I have an Excel workbook that is using the Solver add-in to maximize a set of equations with a square root in it (e.g. it's non-linear). I'm attempting to re-implement this in C# using Microsoft Solver Foundation. I've tried a few different directives but have not been able to find a solver that reproduces the results i get in Excel.
I tried using Hybrid Local Search, but the results come out all wrong and the resulting maximization doesn't come close to excel. If I use the Interior Point Method and remove the square root (from both excel and c#), I get pretty close to the excel optimization but this is of no use to me since I'm trying to match the excel model that includes the square root.
I think the problem with the Hybrid local search is that i'm not getting a global maximum. I didn't find any other built in directives that would support NLP.
I think Excel Solver uses the GRG2 algorithm. Is there any way that I can reproduce the algorithm used by Excel solver in MSF?

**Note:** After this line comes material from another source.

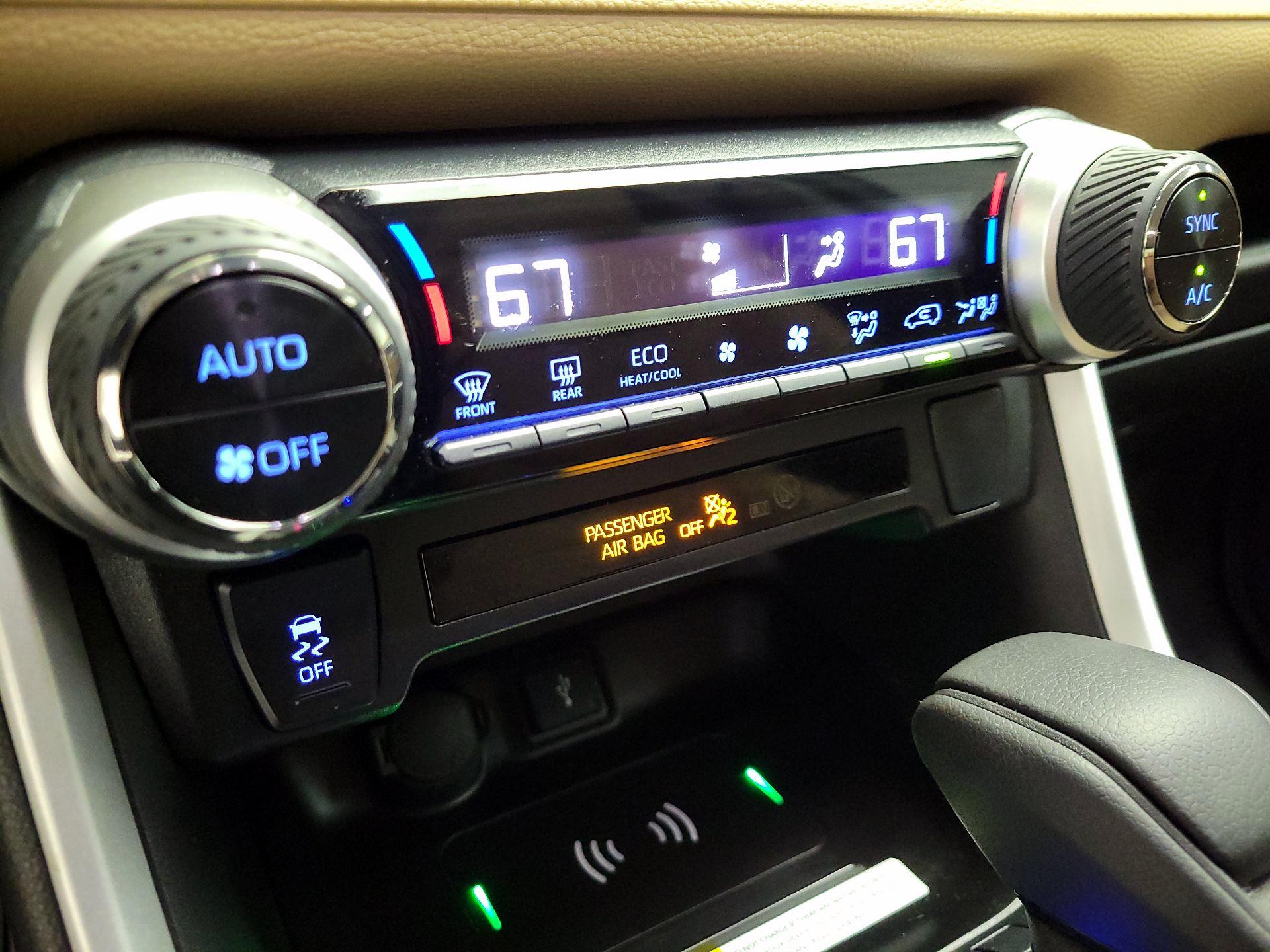 Thumbnail: 2022 Toyota RAV4 - 16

For reference, here's the QP example that came with MSF with the changes that I've made preceded by the comment '// #######':
public string Solve()
{
/***************************
/*Construction of the model*
/***************************/
SolverContext context = SolverContext.GetContext();
//For repeating the solution with other minimum returns
context.ClearModel();
//Create an empty model from context
Model portfolio = context.CreateModel();
//Create a string set with stock names
Set setStocks = new Set(Domain.Any, "Stocks");
/****Decisions*****/
//Create decisions bound to the set. There will be as many decisions as there are values in the set
Decision allocations = new Decision(Domain.RealNonnegative, "Allocations", setStocks);
allocations.SetBinding(StocksHistory, "Allocation", "Stock");
portfolio.AddDecision(allocations);
/***Parameters***/
//Create parameters bound to Covariant matrix
Parameter pCovariants = new Parameter(Domain.Real, "Covariants", setStocks, setStocks);
pCovariants.SetBinding(Covariants, "Variance", "StockI", "StockJ");
//Create parameters bound to mean performance of the stocks over 12 month period
Parameter pMeans = new Parameter(Domain.Real, "Means", setStocks);
pMeans.SetBinding(StocksHistory, "Mean", "Stock");
portfolio.AddParameters(pCovariants, pMeans);
/***Constraints***/
//Portion of a stock should be between 0 and 1
portfolio.AddConstraint("portion", Model.ForEach(setStocks, stock => 0 <= allocations[stock] <= 1));
//Sum of all allocations should be equal to unity
portfolio.AddConstraint("SumPortions", Model.Sum(Model.ForEach(setStocks, stock => allocations[stock])) == 1);
/***Goals***/
portfolio.AddGoal("Variance", GoalKind.Maximize,
// ####### Include a inner product of the means and weights to form utility curve
Model.Sum
(
Model.ForEach
(
setStocks, x =>
Model.Product(
allocations[x],
pMeans[x])
)
)
-
// ####### Use square root of variance to get volatility instead. This makes the problem non-linear
Model.Sqrt(
Model.Sum
(
Model.ForEach
(
setStocks, stockI =>
Model.ForEach
(
setStocks, stockJ =>
Model.Product(pCovariants[stockI, stockJ], allocations[stockI], allocations[stockJ])
)
)
)
)
);
// ####### remove event handler
/*******************
/*Solve the model *
/*******************/
// ####### Use an NLP algorithm directive
Solution solution = context.Solve(new HybridLocalSearchDirective());
// ####### remove conditions on propagate
context.PropagateDecisions();
// ####### Remove save. Can't save an NLP Model
Report report = solution.GetReport();
return report.ToString();
}